How do you create insight and change in the organization without triggering the immune response? One way is to position yourself as a change agent. Known change agents are part of the herd. They have declared themselves as change agents they are out in the open and not a direct threat.
Once you have declared yourself a change agent you get a free pass to come up with all sorts of whacky, counter-cultural ideas. It is your job to chase the sacred cows and question the dogma.
The nuance to this role is that you have to have support from or at least alignment with the organization’s power. Otherwise you are just a trouble maker and an anarchist. You have to make the power understand that it is your unique value to bring an outsider’s insight to them. You will not be one of the corporate drone yes-men. They need to understand and see this value.
Leaders and the powerful in organizations like to have access to these types of individuals and insights because it gives them the check and balance they need to make forward looking decisions. Leaders like this resource around because they can leverage it to implement change without taking a direct role or risk themselves. As the internal-outsider you are a prized commodity for the leadership team.

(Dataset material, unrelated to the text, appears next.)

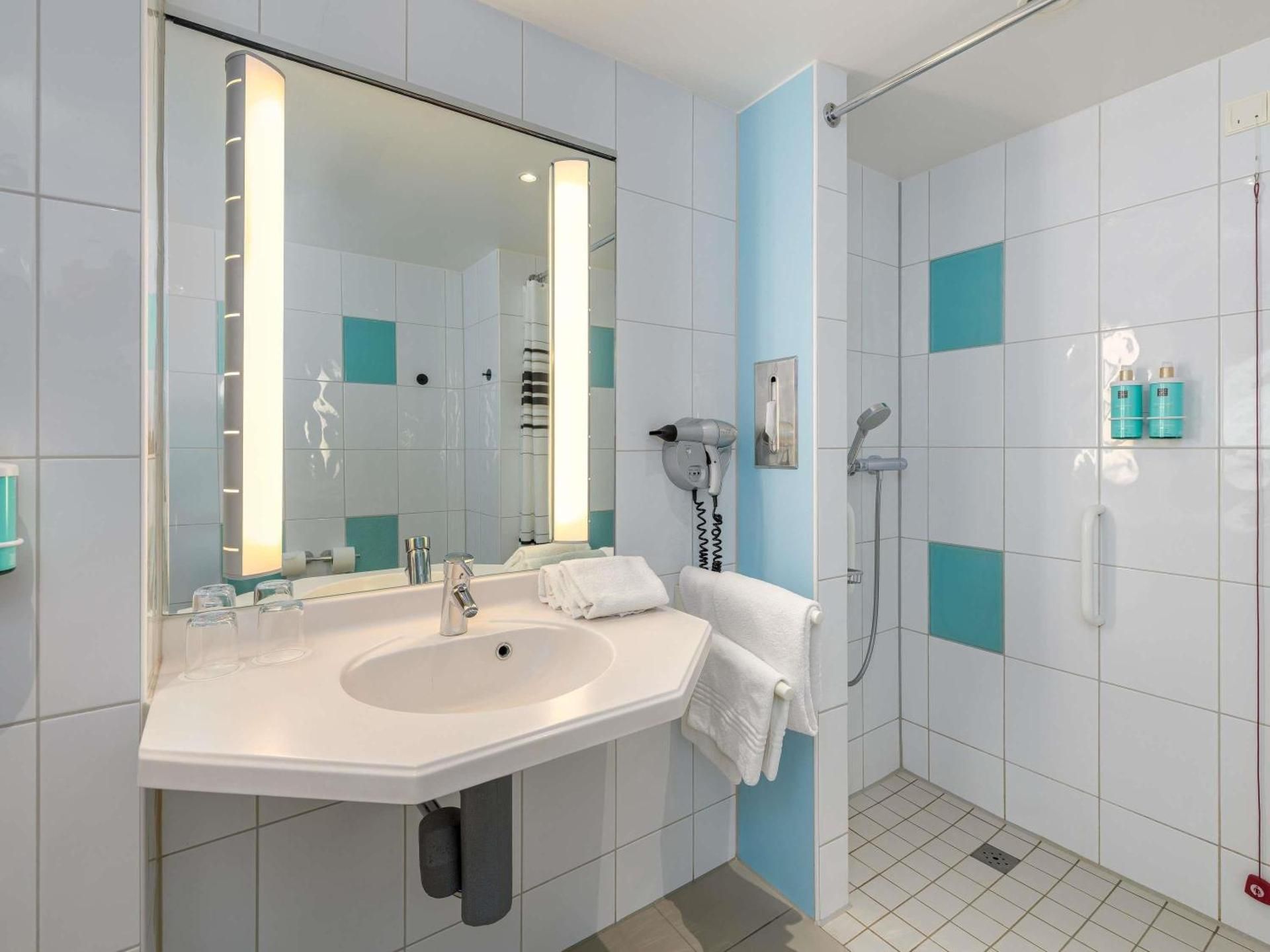 undefined Novotel Aachen City 4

In order to truly play this role you need to internalize the feeling that you do not need the herd. You need to operate from a position of independence of thought and action and a position of emotional detachment. When the game plays out you may find yourself outside the herd or trampled underfoot. Understand that, be ok with it and own it.

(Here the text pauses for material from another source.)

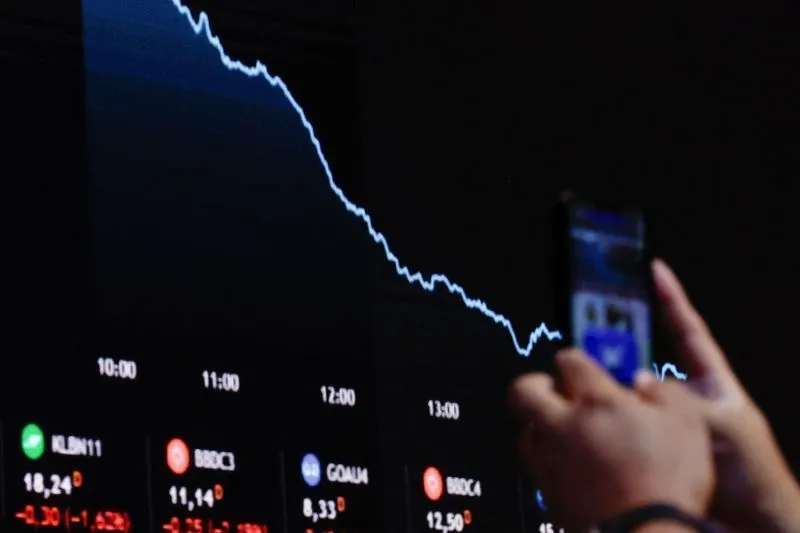Ibovespa fecha em queda e tem pior semana desde agosto; dólar sobe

Change only happens when there is an odd man out willing to walk away from the herd.
This is your power.
- Position yourself as an outsider and a change agent.
- Align your change with power.
- Be willing to walk away.
What are some practical steps?
– Look for projects that have low urgency but create high value and execute them – “Hey look at this cost benefit analysis I had done on the partnering scenario!”

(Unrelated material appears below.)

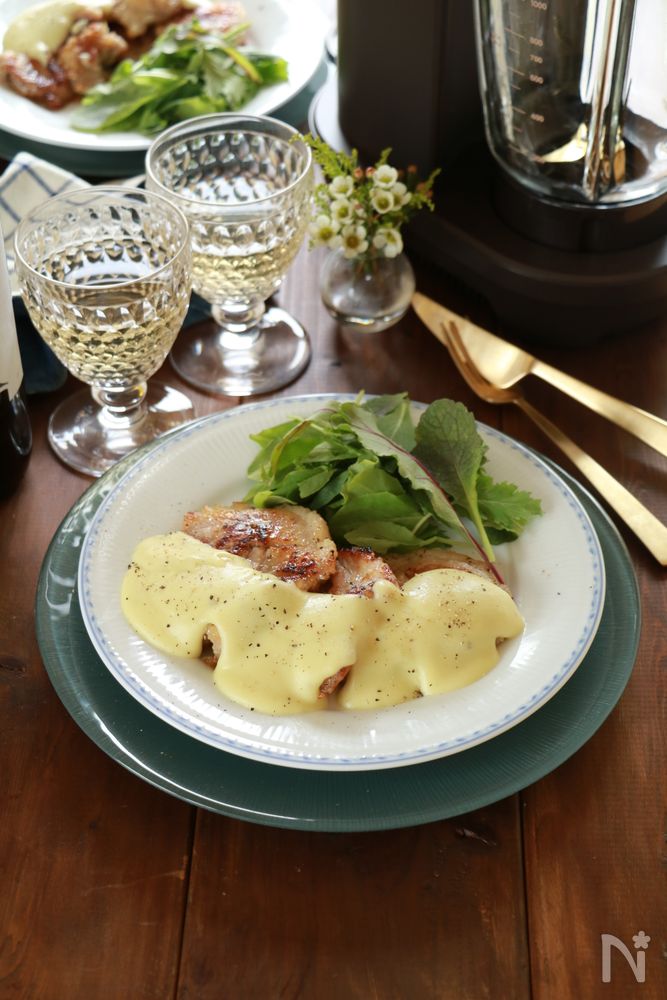 洋食器に盛り付けたさつまいもとりんごの豚肉ソテー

– Declare yourself a change agent – “I like to think of myself as a change agent.”
– Ask change questions – “If we could have anything we wanted what would this look like?”
– Be emotionally detached – “Hey, I’m going to do the right thing no matter what. I can always find another job, I’m here because I believe in the potential.”
– Earn the right to be a change agent – Study, read and listen to everything, especially things outside of the herd’s viewpoint. Write up these ideas and share them freely.
You cannot change your results unless you can change your actions. You cannot change your actions without risking the immune response from the herd.